Probably this is why the productivity gains and the effort savings from AI coding are still stuck at 10%. The same number in productivity savings despite the tools getting dramatically more powerful every quarter. I don’t think the explanation is that AI doesn’t work. We clearly see that it does. It’s that most people are not realizing what AI can actually do now.
The question is: is this a skill issue that the developers are not able to adapt to fully agentic coding, or is this a cautious choice because they want to understand the code that the AI is writing, or is it a mix of both?
It seems some of this is deliberate. Experienced developers want to understand what they are shipping. They don’t trust a black box agent making several changes they haven’t reviewed. There is also some distrust: one bad experience with an agent six months ago and the developer writes off the entire category.

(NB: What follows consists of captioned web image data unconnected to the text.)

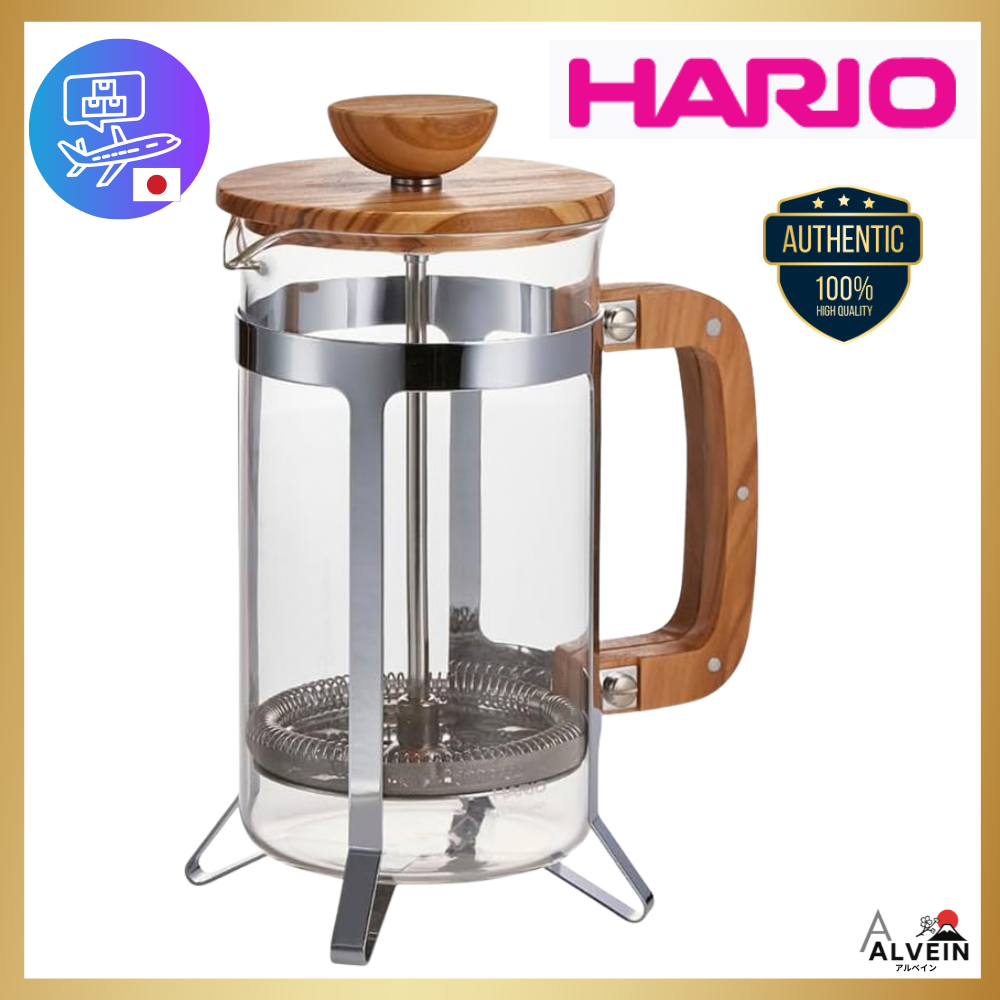 【Direct From Japan】HARIO Cafe Press Wood French Press 600ml  Heat‑Resistant Glass  CPSW‑4‑OV‑CP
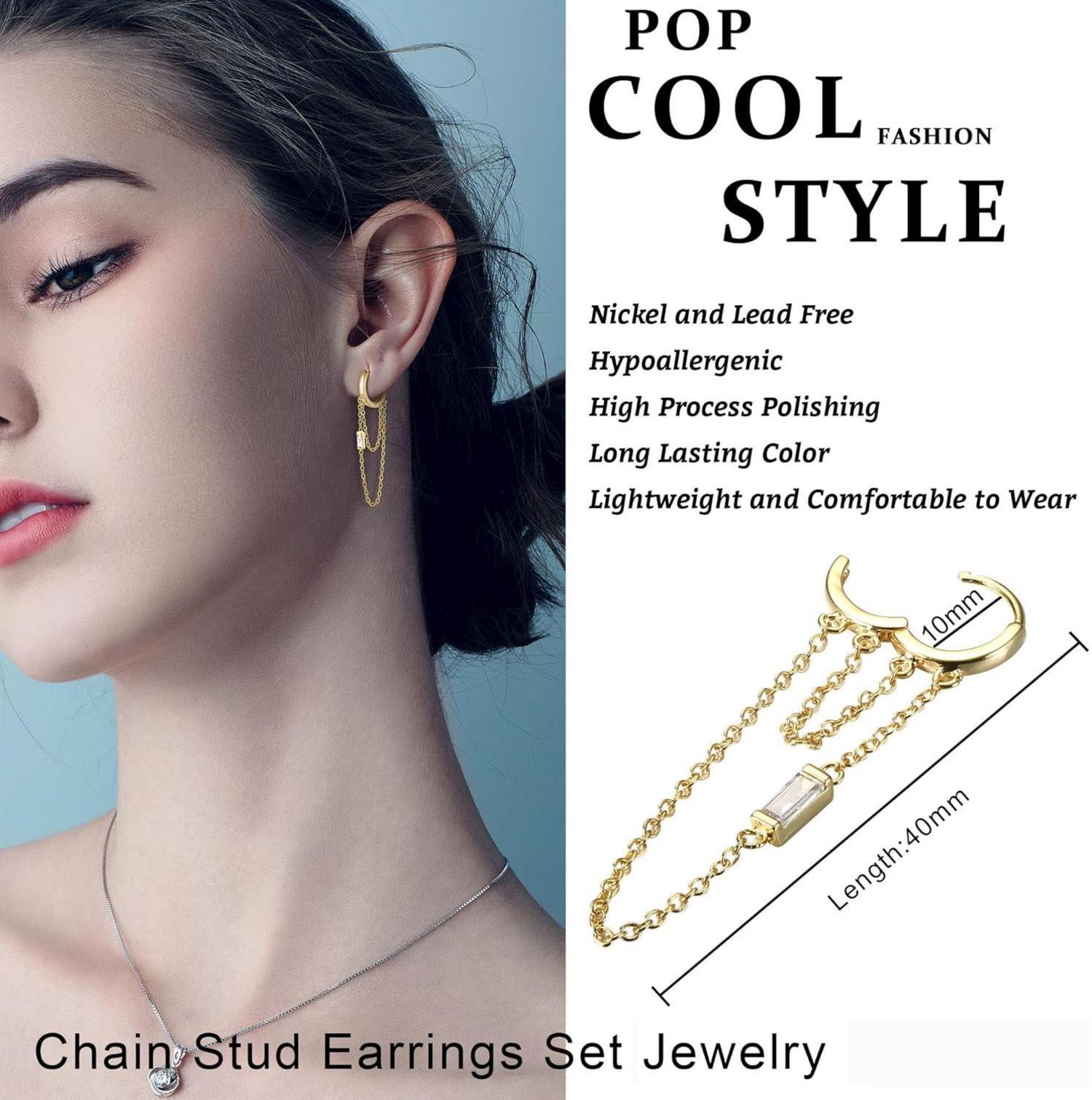 Hypoallergene Ohrringe Set Damen Edelstahl Piercing Ohrstecker Creolen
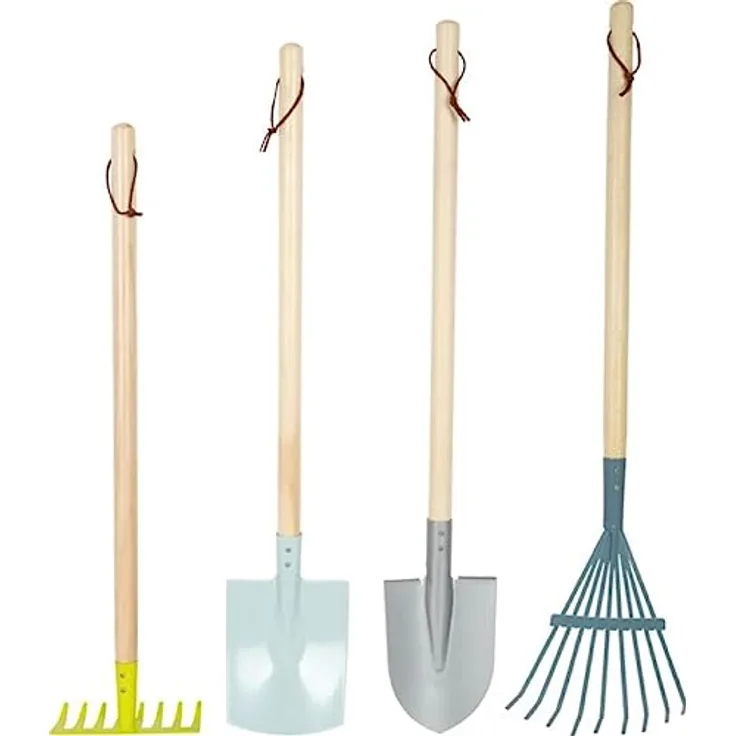 small foot Gartenwerkzeug-Set aus Holz und Metall, Gartenspielzeug für Kinder ab 3 Jahren in modernen Farben, 12389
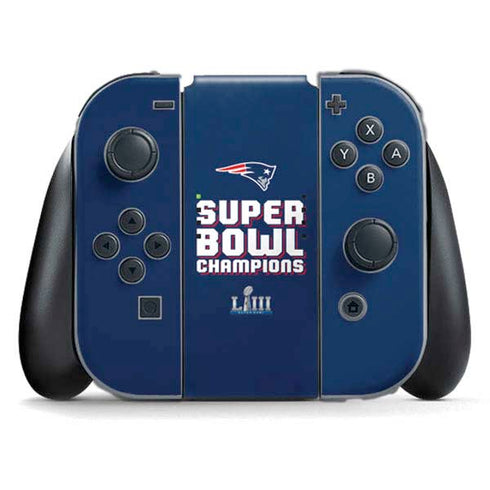 NFL Patriots Super Bowl LIII Champions Nintendo Switch (2017-2021) Joy-Con Controller Skin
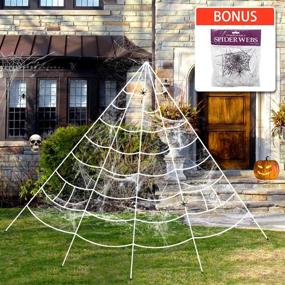 img 4 attached to 🕷️ Spook up Your Outdoor Space with GEJRIO Halloween Decorations: 16ft Giant Spider Web & Super Stretch Cobweb Set in White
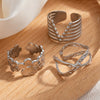 Titanium Steel Heart Shaped Geometric Ring With Electroplating For Female And Unisex Style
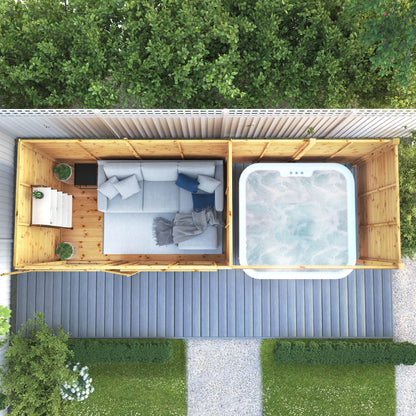 Mercia 18 x 6 Maine Pent Summerhouse with Patio Area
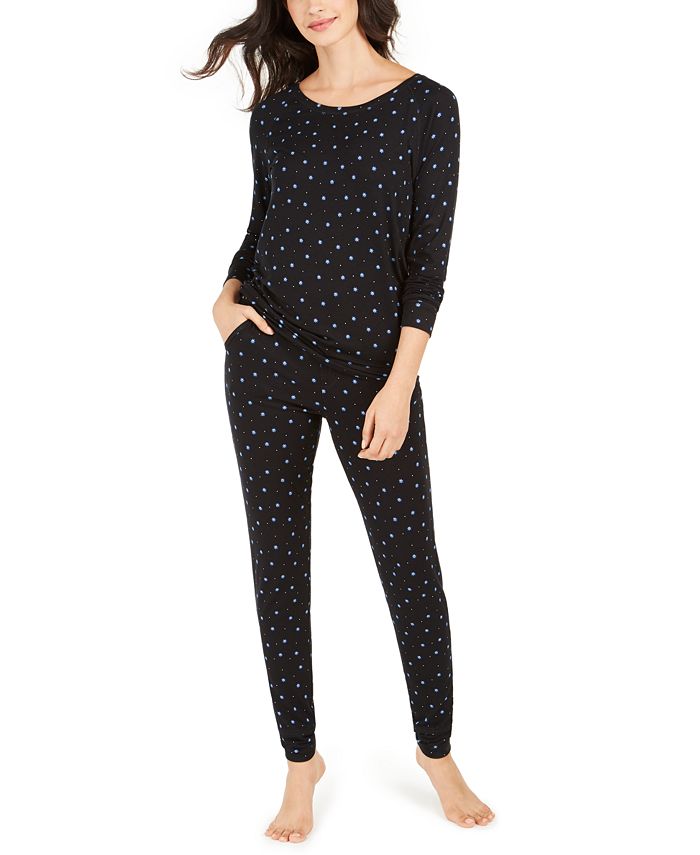 Alfani Printed Pajamas Set, Created for Macy's & Reviews - Bras ...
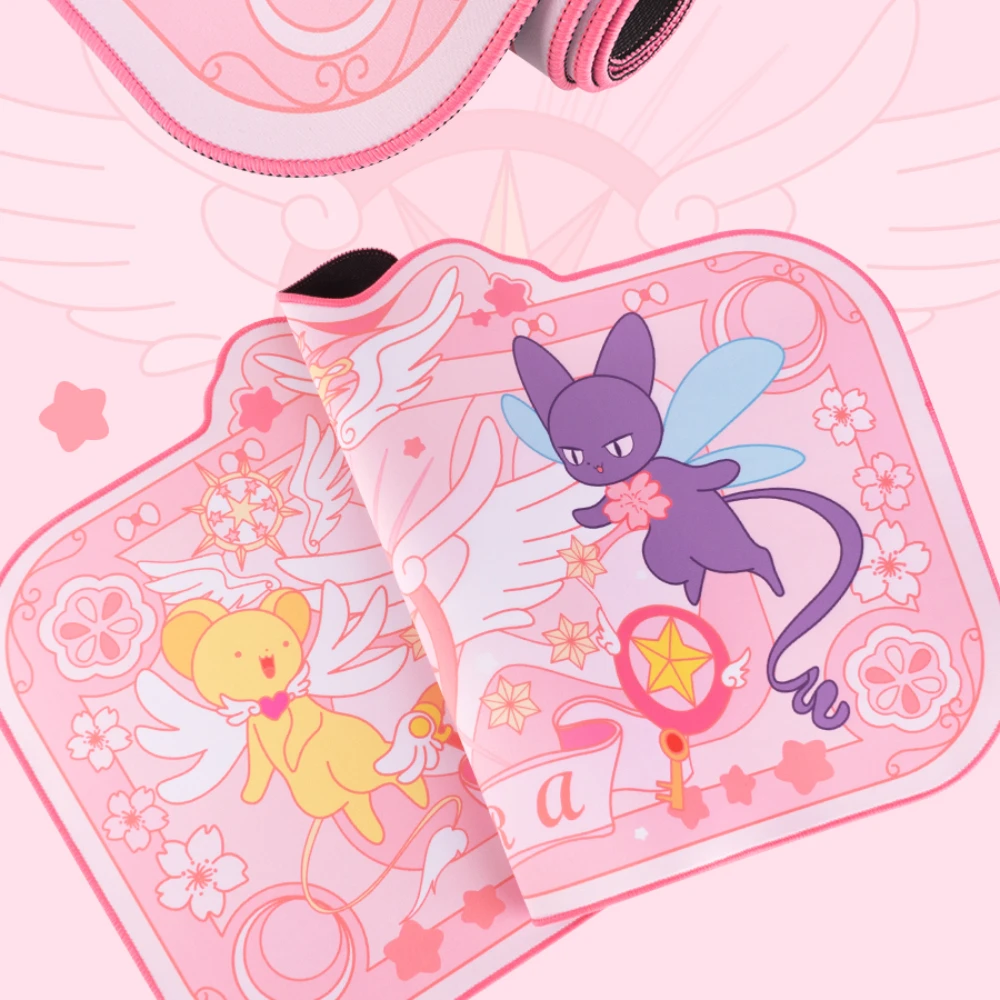 Tappetino per mouse in gomma rosa cartone animato Kawaii Cute Girl Tappetino da tavolo antiscivolo impermeabile Tovaglietta per tastiera per computer per ufficio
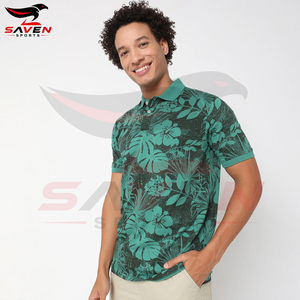 Wholesale Custom Tropical Printed <b>Men</b> <b>Polo</b> <b>Shirt</b> <b>Green</b> Floral Leaf Short Sleeve Breathable Cotton Casual Golf <b>Polo</b> <b>Shirts</b> - Product Image 3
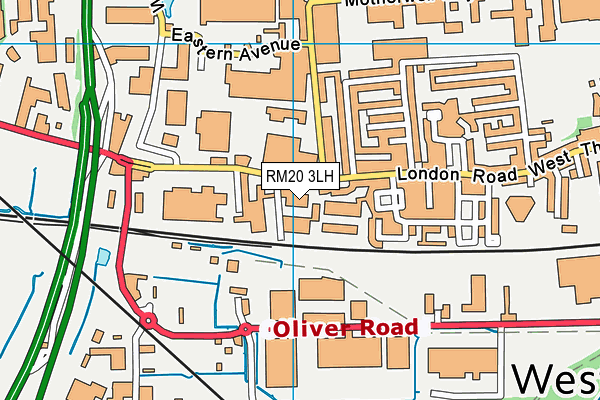 RM20 3LH map - OS VectorMap District (Ordnance Survey)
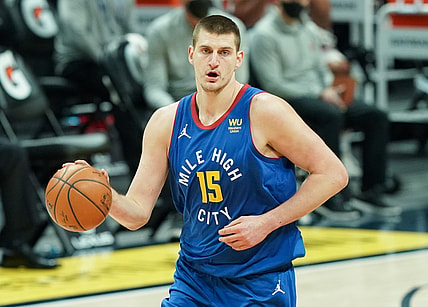 Apr 24, 2021; Denver, Colorado, USA; Denver Nuggets center Nikola Jokic (15) against the Houston Rockets during the second quarter at Ball Arena. Mandatory Credit: Troy Babbitt-USA TODAY Sports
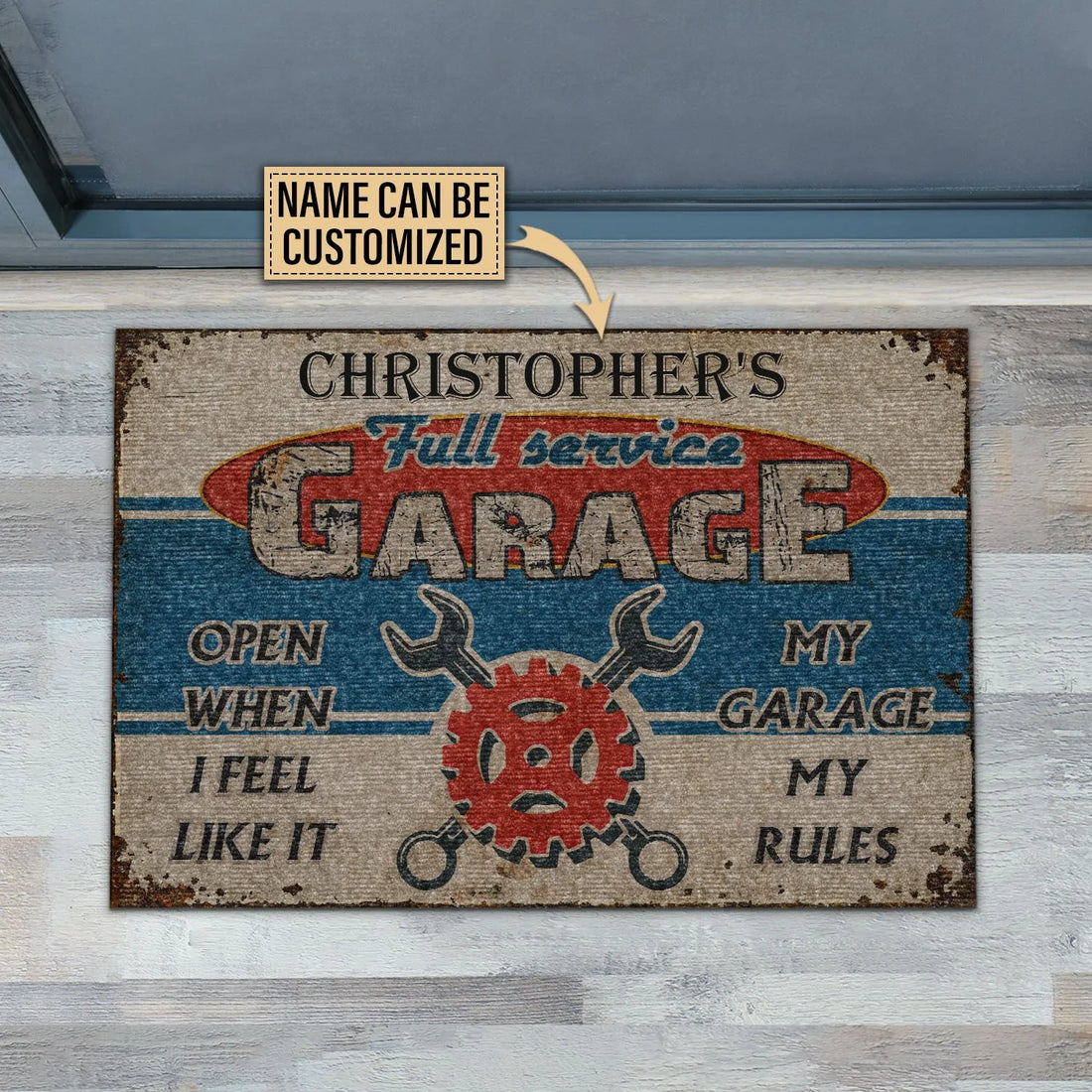Door Mat Auto Mechanic Garage Open When Personalized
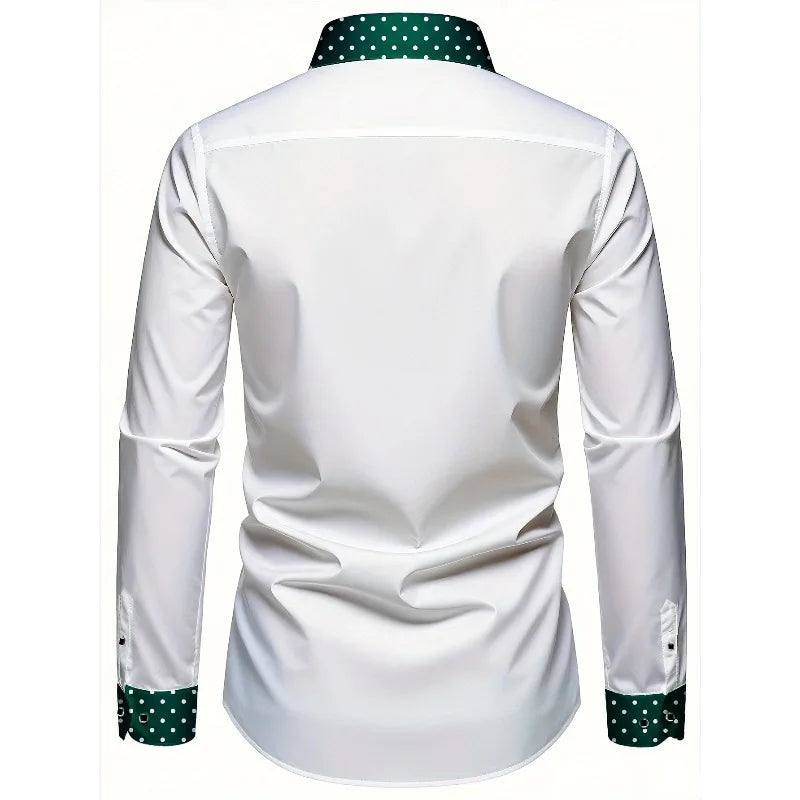 FGKKS Men's Shirt Brand New Arrival Patchwork Four Season Tuxedo Long Sleeve Smart Casual Elastic Male Business Shirts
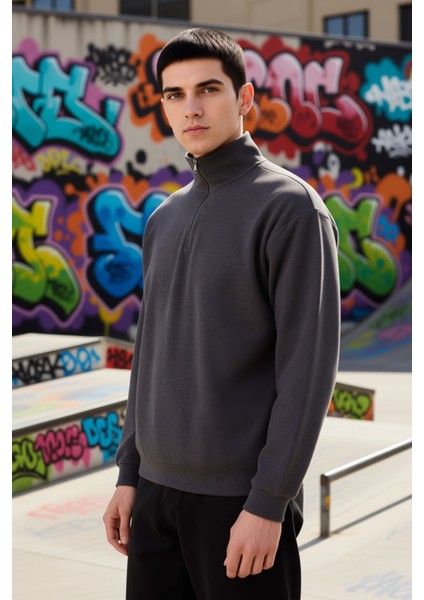 Erkek Dik Yaka Standart Kol Selanik Oversize Kalıp Sweatshirt Fonksiyonel Dayanıklı Modern indirimleri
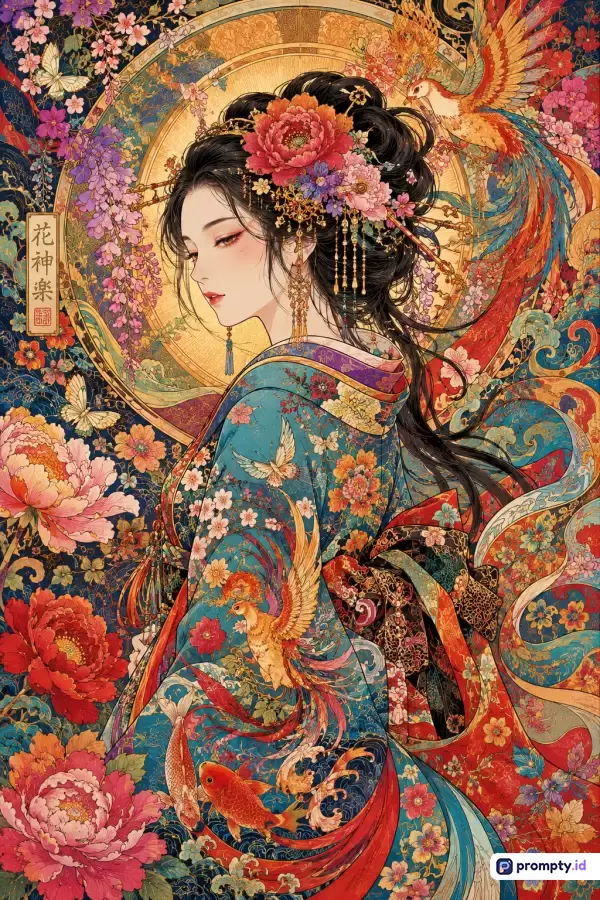 Gambar ilustrasi digital bergaya Ukiyo-e modern ini menampilkan seorang wanita Asia berambut hitam legam dengan hiasan bunga peony merah dan aksesori emas, mengenakan kimono biru bermotif burung phoenix dan bunga, dikelilingi latar belakang ramai flora, fauna, serta kaligrafi Jepang dengan tiga warna dominan yaitu biru tua, merah menyala, dan emas.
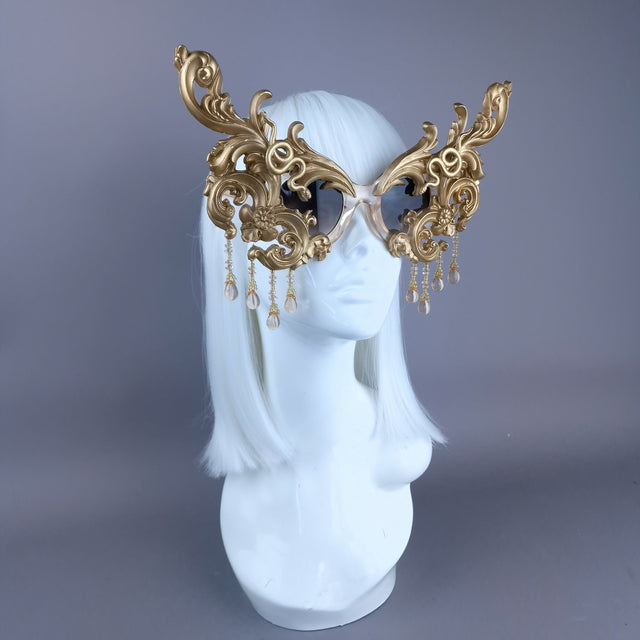 "Fringilla" OTT Gold Filigree Beading Sunglasses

On the other hand there is the harder truth: agentic coding demands a different skill. It requires you to think in terms of clear specifications, precise constraints, and system-level intent, before you ask AI to write a single line of code. That’s very different from what junior to mid-level engineers have been doing in their daily jobs. This is closer to what an architect and senior engineer does, but then the problem is these architects and senior engineers do not read or write code anymore. They are not able to validate the output AI is generating.
The stuck in auto-complete problem isn’t just about tool adoption. It’s about whether developers have been trained to work at the level of abstraction these tools require. If you are an engineering leader and your team is using 2026 tools with a 2022 mindset, the gap isn’t your tooling budget. It’s your enablement strategy.
Engineering managers and engineering leaders need to ask: are we teaching people how to use AI as a faster typewriter or as a collaborator that changes how the work gets scoped, delegated, and reviewed? The teams who will figure this out won’t be stuck at 10% productivity gains. They will restructure how engineering actually works.
References: Link to heading
- The DX report from early 2026 says the productivity gains have stayed at 10% only and this study covered 130k+ developers across 400+ companies.
- The Kilo team talks about building an AI assisted auto-complete. They argue that the auto-complete is the trust building on- ramp to agentic workflows and most developers are still in that phase.
- There is a slightly older study from Stack Overflow. It also suggests that people are still using autocomplete and not moving to fully agentic coding.